Will “Rango” ride off into the sunset with an Academy Award? The Envelope is the awards insider for the Los Angeles Times and features the work of our Hero Complex writers. Here’s a look at one story from the upcoming animation issue of The Envelope; this one looks at the Gore Verbinski western that won over critics and should be a contender in the now-underway Oscar season.
When you think of Johnny Depp it’s hard not to think of Tim Burton — the movie star and director tandem have worked on seven feature films together — but with the success of “Rango” it may be time to more carefully consider the collaboration of Depp and Gore Verbinski, the soft-spoken popcorn auteur who has now made four movies with the actor since 2003 and is now preparing a fifth.
Depp says the two directors will never be mistaken for each other, but that they do share a certain skill for making the real world feel especially animated and making animated worlds reach for an unexpected reality. Depp made three “Pirates of the Caribbean” films with Verbinski and the two will reunite (after considerable turbulence in the corner offices of Disney) for the 2013 revival of “The Lone Ranger,” but the actor said working with the filmmaker on the animated “Rango” was especially enlightening, just like working with Burton on 2005’s “The Corpse Bride.”
“Gore and Tim are very, very different but there is a similar thing in the incredible arena that they build and that they allow the actors to go into, a place where the actors can feel free to go ape,” Depp said. “They rein it in, hone it and make it special and pay close attention to the details. So there’s this freedom they both create and an organic approach. Gore amazed me right away with his technical ability … he knows cinema backwards and forward and he’s completely unafraid. When I saw ‘Rango’ I was pretty stupefied — it was unlike anything I had ever seen before.”
Verbinski’s knowledge of cinema was on full display in “Rango,” the first animated feature film from Paramount Pictures and the first created by Industrial Light & Magic, the esteemed visual effects house. In the film, Depp gives voice to a thespian chameleon who ends up in a savage town called Dirt where a six-shooter drama unfolds with nods to “High Noon,” “The Good, the Bad and the Ugly,” “Destry Rides Again” and a dozen other saddlebag classics.
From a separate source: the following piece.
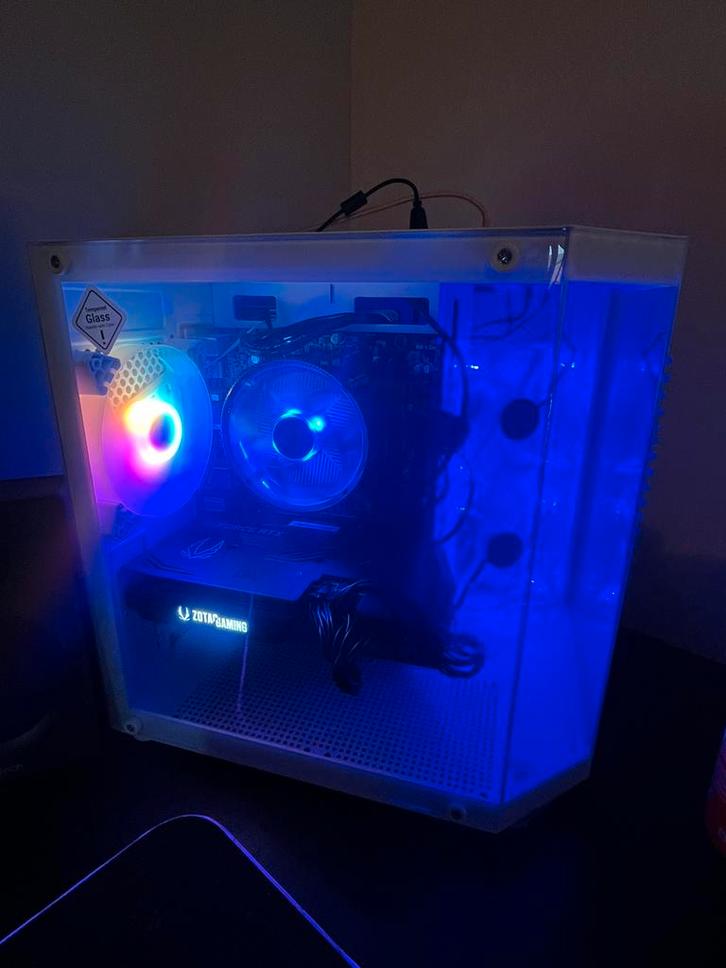 gaming pc Rtx 3070, Computers en Software, Desktop Pc's, Zo goed als nieuw, Onbekend, HDD, SSD, 32 GB, Met videokaart, Gaming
With especially scabby characters (like a chicken with an arrow through its eye) and existential subplots, “Rango” was defiantly “un-cute” in this era of animation blockbusters defined by heartfelt appeal and a tidy, toy-driven aesthetic.
More than that, Verbinksi went against the conventional approach of animation today — instead of recording voices from voice actors who worked alone in the studio, he put his ensemble together on a soundstage with a 40-foot-long wooden saloon bar, whiskey glasses and swinging doors and even brought in a chuck wagon to help the cast ground their performance in the dusty territories of their imagination.
More than that, Verbinski sees a new frontier in animation where audacious outlaws may finally win. He said R-rated animation projects (such as David Fincher’s discussed adaptation of “The Goon“) may be pioneer projects to watch.
“There’s so much you can do in animation, and maybe what’s interesting is a movie where you don’t bring your 6-year-old,” Verbinksi said, adding that the the animation legacy of Ralph Bakshi and “Heavy Metal” may be a compass point for Hollywood as far as mature audience ambitions. “You can tell so many stories. I think where it’s going is very interesting if we let it be.”